# Can ink be heat cured onto polyurethane foam???



## Orbital Graphics (Sep 21, 2008)

I've got a customer for whom we print logo on polyurethane foam cubes. Printing is good and we are heat curing with a hand-held heat gun. Ink feels hard and dry, but customer called to say ink is "smearing" when bagged and shipped.

We are using plastisol cotton white ink.

We're in uncharted territory here...any suggestions?


----------



## customprintz (Apr 19, 2009)

Orbital Graphics said:


> I've got a customer for whom we print logo on polyurethane foam cubes. Printing is good and we are heat curing with a hand-held heat gun. Ink feels hard and dry, but customer called to say ink is "smearing" when bagged and shipped.
> 
> We are using plastisol cotton white ink.
> 
> We're in uncharted territory here...any suggestions?

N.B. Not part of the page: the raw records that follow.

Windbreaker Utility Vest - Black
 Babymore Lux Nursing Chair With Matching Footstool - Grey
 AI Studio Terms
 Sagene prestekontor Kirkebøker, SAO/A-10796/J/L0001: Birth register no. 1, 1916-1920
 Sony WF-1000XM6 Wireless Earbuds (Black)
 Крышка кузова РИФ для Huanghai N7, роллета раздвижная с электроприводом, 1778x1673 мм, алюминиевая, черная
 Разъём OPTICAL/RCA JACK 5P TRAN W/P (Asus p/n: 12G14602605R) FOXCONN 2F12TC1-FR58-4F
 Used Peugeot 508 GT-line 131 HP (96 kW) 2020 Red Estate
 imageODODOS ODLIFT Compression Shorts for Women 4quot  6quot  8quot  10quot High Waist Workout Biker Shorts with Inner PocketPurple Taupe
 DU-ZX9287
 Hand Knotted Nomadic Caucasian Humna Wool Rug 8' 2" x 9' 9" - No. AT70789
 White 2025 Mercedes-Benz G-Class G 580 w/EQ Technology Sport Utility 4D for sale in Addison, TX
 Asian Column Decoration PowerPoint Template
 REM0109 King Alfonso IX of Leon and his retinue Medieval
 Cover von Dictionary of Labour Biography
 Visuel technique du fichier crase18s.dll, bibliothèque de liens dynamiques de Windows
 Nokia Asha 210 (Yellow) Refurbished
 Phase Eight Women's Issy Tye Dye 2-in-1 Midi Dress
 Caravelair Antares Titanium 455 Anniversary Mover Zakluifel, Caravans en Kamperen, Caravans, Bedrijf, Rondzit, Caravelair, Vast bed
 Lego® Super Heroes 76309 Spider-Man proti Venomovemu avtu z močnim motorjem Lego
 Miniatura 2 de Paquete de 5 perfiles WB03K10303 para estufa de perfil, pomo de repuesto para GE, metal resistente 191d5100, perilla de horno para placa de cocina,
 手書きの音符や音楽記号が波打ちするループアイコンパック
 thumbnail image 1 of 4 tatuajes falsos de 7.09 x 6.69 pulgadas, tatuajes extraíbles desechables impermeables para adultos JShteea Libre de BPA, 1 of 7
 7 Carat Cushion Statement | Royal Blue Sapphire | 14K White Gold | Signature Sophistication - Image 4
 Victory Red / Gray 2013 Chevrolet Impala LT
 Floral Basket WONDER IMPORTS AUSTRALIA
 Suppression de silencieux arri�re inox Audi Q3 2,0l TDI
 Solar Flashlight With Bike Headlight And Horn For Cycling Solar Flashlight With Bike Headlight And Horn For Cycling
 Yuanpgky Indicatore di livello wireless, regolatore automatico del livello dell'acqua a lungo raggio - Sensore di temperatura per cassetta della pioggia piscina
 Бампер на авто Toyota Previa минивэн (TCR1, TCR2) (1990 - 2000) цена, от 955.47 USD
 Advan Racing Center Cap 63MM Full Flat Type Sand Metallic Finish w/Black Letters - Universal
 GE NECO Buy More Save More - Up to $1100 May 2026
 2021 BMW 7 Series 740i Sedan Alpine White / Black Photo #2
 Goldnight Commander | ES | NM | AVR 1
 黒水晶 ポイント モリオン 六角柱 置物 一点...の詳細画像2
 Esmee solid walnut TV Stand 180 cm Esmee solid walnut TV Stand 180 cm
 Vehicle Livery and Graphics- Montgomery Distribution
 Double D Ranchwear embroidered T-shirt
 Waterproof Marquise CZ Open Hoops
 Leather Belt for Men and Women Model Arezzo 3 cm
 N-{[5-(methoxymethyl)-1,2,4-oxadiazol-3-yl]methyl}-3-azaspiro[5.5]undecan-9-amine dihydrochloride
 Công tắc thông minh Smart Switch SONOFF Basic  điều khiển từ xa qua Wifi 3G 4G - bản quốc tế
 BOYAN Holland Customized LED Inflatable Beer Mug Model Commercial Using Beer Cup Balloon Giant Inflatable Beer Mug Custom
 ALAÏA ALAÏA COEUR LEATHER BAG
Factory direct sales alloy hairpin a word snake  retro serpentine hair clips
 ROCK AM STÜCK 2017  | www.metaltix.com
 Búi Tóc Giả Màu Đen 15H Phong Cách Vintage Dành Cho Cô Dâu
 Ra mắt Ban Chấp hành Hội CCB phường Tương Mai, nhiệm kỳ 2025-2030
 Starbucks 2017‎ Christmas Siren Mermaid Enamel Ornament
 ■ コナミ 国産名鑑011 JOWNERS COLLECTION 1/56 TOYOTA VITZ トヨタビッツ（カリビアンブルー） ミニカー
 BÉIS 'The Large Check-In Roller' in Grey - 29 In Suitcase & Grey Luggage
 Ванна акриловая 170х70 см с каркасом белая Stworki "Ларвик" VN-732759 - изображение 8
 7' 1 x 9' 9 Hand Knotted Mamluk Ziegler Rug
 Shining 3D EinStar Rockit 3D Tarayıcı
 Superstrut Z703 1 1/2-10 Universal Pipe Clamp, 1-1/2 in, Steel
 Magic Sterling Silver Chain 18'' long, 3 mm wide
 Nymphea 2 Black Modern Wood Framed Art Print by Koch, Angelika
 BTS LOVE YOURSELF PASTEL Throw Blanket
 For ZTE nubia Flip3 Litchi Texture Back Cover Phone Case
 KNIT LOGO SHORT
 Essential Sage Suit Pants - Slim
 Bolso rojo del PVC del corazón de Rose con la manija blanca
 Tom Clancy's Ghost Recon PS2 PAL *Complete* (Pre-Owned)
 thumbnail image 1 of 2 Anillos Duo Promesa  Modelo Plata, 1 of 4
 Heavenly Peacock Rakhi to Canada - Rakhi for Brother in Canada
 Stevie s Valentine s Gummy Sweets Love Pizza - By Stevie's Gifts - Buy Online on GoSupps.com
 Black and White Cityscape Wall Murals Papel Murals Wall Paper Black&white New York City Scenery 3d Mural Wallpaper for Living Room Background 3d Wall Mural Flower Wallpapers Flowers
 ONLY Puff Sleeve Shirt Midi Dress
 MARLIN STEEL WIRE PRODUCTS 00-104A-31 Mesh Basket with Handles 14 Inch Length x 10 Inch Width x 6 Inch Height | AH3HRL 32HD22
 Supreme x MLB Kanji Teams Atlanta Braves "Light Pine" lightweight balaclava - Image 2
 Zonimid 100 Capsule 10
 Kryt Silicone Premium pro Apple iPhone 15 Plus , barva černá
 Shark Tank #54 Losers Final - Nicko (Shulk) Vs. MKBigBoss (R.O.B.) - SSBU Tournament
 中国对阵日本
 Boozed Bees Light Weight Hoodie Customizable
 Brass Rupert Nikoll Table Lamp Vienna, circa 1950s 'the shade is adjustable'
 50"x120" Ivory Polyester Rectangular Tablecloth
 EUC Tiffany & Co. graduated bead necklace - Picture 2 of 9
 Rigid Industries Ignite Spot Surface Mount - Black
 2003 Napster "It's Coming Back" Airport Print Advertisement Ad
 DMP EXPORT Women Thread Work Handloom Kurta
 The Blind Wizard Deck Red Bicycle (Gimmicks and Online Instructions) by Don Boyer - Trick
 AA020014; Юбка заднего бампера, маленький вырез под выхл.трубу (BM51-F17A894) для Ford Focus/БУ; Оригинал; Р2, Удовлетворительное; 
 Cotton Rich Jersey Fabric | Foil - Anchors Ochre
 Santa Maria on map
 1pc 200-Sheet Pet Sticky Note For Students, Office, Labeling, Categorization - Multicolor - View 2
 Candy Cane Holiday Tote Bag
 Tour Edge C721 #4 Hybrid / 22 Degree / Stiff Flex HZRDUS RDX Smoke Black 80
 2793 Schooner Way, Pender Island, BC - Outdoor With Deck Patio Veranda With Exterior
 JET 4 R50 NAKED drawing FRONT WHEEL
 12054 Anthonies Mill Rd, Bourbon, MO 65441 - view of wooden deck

Hello. Sounds like it isnt cured.. have you tryed a low cure additive? or maybe a catalyst for the ink if its going on nylon, or use nylon ink? can you stratch it off easily?.


----------



## midwaste (Apr 8, 2008)

What type of poly foam cube are you talking about? Can you post a link? Sounds like something that might be more suited for pad printing with a solvent or similar ink.


----------



## manicprints (May 27, 2009)

I don't know if the foam will stand up to it but we use enamel in our screens to print metal plates for trophies so that may be an option or possibly an acrylic ink, take a piece of the foam and put either one of the inks on it to see if melts your substrate. enamel has to be cleaned out of screens with harsher solvents and if not done quickly it will clog up your screen permanently.


----------



## Tj Ryonet Tech (Jul 28, 2008)

I would definitely look into a solvent ink for this application. They are air dry so there is no heat involved.


----------